# Assignment
Copy exactly, please, each line of the data below until the line that contains "Sticker - abstract" has been copied, beginning at the top.
++++ Records for processing
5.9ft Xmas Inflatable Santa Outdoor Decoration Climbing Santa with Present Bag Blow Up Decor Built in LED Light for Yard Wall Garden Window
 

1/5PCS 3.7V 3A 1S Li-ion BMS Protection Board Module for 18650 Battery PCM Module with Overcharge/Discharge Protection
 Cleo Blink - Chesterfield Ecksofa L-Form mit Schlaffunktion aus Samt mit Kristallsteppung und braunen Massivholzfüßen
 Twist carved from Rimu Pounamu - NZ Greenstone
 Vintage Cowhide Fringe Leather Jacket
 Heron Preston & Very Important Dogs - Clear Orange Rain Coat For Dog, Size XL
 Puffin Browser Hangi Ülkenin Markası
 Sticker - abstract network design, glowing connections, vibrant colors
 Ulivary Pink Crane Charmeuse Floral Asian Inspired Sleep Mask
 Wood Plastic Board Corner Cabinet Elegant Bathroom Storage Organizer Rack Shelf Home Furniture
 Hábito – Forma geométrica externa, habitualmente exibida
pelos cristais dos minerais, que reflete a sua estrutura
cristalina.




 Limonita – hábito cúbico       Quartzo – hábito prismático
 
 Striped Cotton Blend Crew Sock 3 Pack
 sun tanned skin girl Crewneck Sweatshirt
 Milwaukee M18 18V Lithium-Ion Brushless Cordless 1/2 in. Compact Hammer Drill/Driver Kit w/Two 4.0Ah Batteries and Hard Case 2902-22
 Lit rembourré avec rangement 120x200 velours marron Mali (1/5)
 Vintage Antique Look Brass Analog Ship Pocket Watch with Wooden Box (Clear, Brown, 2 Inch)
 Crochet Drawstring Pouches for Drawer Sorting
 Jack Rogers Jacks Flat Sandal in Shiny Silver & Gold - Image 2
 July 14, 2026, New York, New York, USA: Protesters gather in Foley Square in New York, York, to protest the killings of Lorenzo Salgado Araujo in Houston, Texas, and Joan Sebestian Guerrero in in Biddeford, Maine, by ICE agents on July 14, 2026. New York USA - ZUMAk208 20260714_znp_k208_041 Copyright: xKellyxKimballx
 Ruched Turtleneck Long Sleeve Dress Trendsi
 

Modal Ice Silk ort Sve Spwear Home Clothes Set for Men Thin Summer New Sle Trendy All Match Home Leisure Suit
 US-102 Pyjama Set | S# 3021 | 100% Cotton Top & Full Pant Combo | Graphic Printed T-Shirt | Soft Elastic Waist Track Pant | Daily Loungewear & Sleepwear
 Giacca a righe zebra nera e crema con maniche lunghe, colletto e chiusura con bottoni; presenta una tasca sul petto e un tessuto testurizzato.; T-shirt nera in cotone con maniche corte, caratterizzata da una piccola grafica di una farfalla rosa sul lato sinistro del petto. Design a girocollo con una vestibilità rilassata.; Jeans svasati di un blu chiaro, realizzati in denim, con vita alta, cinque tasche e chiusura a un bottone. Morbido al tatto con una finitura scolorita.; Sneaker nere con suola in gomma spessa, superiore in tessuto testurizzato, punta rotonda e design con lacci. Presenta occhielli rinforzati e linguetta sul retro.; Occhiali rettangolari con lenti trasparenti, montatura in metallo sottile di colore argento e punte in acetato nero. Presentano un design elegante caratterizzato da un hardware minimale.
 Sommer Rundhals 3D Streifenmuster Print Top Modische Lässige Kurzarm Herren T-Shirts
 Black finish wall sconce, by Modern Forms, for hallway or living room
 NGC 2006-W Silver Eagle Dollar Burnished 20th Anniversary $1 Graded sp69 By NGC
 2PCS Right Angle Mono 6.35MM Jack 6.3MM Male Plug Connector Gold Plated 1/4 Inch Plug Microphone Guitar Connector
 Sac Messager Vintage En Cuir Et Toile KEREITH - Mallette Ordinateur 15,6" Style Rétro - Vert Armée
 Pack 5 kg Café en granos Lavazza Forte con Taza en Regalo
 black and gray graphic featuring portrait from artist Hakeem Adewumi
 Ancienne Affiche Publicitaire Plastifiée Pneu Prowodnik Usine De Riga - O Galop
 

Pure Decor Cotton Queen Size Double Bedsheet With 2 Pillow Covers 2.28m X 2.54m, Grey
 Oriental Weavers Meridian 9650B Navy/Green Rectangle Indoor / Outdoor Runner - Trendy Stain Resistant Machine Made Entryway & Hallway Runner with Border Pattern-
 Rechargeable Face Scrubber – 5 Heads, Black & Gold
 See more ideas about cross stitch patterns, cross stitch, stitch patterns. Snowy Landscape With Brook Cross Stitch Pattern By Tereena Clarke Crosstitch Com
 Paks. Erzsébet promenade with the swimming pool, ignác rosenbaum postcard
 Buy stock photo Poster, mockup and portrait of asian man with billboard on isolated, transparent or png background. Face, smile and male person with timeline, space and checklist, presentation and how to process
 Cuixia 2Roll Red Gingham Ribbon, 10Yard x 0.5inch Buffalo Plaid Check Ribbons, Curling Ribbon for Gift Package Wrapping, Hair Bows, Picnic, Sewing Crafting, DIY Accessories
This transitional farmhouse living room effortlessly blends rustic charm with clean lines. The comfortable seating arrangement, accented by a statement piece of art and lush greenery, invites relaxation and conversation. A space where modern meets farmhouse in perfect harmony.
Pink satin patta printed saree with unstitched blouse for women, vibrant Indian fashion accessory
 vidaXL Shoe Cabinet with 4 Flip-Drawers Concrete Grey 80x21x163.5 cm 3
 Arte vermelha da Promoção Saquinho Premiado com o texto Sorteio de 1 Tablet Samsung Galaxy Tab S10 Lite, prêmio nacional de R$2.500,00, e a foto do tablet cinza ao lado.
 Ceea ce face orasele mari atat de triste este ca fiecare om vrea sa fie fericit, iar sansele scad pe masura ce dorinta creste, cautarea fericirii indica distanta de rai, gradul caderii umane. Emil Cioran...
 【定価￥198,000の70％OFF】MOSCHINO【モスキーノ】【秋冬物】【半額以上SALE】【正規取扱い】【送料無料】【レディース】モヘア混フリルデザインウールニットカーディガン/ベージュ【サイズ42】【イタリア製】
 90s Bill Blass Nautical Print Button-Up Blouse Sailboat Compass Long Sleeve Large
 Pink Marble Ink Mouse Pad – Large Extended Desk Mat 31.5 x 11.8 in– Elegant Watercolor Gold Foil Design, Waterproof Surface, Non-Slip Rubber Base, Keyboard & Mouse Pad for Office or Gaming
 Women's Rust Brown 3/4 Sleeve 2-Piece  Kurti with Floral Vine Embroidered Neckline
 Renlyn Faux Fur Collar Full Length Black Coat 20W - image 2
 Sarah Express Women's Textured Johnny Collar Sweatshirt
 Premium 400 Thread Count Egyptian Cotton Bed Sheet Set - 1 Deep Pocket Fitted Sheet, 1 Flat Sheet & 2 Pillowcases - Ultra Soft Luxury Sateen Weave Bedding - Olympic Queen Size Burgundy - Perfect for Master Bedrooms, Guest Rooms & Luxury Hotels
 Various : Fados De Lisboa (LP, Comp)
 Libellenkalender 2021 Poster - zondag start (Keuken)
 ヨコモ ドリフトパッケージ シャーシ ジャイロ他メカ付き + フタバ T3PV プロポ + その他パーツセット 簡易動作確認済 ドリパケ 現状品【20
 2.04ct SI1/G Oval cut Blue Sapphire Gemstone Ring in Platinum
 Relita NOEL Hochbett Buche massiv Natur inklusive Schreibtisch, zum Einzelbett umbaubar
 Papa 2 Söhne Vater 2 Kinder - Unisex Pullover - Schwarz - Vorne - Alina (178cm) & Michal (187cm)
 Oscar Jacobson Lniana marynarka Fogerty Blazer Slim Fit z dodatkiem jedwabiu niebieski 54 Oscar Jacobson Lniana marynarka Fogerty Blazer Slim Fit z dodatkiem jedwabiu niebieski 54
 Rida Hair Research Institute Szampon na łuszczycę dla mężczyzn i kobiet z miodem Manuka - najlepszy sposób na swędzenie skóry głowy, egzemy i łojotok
++++++++
# Answer to the problem
5.9ft Xmas Inflatable Santa Outdoor Decoration Climbing Santa with Present Bag Blow Up Decor Built in LED Light for Yard Wall Garden Window
 

1/5PCS 3.7V 3A 1S Li-ion BMS Protection Board Module for 18650 Battery PCM Module with Overcharge/Discharge Protection
 Cleo Blink - Chesterfield Ecksofa L-Form mit Schlaffunktion aus Samt mit Kristallsteppung und braunen Massivholzfüßen
 Twist carved from Rimu Pounamu - NZ Greenstone
 Vintage Cowhide Fringe Leather Jacket
 Heron Preston & Very Important Dogs - Clear Orange Rain Coat For Dog, Size XL
 Puffin Browser Hangi Ülkenin Markası
 Sticker - abstract network design, glowing connections, vibrant colors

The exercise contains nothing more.